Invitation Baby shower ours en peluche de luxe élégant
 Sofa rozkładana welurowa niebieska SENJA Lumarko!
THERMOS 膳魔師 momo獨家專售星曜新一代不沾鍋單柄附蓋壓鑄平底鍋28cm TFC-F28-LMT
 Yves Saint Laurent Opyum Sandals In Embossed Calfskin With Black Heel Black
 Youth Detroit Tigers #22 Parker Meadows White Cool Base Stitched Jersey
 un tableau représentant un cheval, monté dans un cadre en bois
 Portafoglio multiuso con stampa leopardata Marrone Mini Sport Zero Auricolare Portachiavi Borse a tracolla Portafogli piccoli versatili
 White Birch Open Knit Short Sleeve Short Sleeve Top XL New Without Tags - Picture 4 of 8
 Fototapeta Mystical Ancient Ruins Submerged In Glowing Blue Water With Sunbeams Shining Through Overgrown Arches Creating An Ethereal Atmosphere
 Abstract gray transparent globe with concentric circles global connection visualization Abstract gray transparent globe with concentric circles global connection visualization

+--

WHAT YOU SHOULD DO = Please copy exactly the lines from the first line of the records above through the line containing "un tableau représentant", including both, and nothing more.

TASK RESPONSE =
Invitation Baby shower ours en peluche de luxe élégant
 Sofa rozkładana welurowa niebieska SENJA Lumarko!
THERMOS 膳魔師 momo獨家專售星曜新一代不沾鍋單柄附蓋壓鑄平底鍋28cm TFC-F28-LMT
 Yves Saint Laurent Opyum Sandals In Embossed Calfskin With Black Heel Black
 Youth Detroit Tigers #22 Parker Meadows White Cool Base Stitched Jersey
 un tableau représentant un cheval, monté dans un cadre en bois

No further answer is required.